Markov Chain Monte Carlo (MCMC) based methods have been the main tool for Bayesian Inference for some years now, and recently they find increasing applications in modern statistics and machine learning. Nevertheless, with the availability of large datasets and increasing complexity of Bayesian models, MCMC methods are becoming prohibitively expensive for real-world problems. At the heart of these methods, lies the computation of likelihood functions that requires access to all input data points in each iteration of the method. Current approaches, based on data subsampling, aim to accelerate these algorithms by reducing the number of the data points for likelihood evaluations at each MCMC iteration.
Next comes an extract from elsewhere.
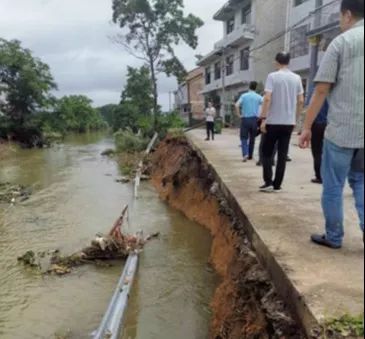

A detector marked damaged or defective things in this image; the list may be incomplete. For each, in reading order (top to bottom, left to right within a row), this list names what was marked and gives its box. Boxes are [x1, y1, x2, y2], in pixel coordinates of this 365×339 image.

damaged infrastructure [151, 135, 308, 339]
However the existing work doesn't consider the properties of modern memory hierarchies, but treats the memory as one monolithic storage space. This paper proposes a communication-aware MCMC framework that takes into account the underlying performance of the memory subsystem. The framework is based on a novel subsampling algorithm that utilises an unbiased likelihood estimator based on Probability Proportional-to-Size (PPS) sampling, allowing information on the performance of the memory system to be taken into account during the sampling stage. The proposed MCMC sampler is mapped to an FPGA device and its performance is evaluated using the Bayesian logistic regression model on MNIST dataset. The proposed system achieves a 3.37x speed up over a highly optimised traditional FPGA design, therefore the risk in the estimates based on the generated samples is largely decreased.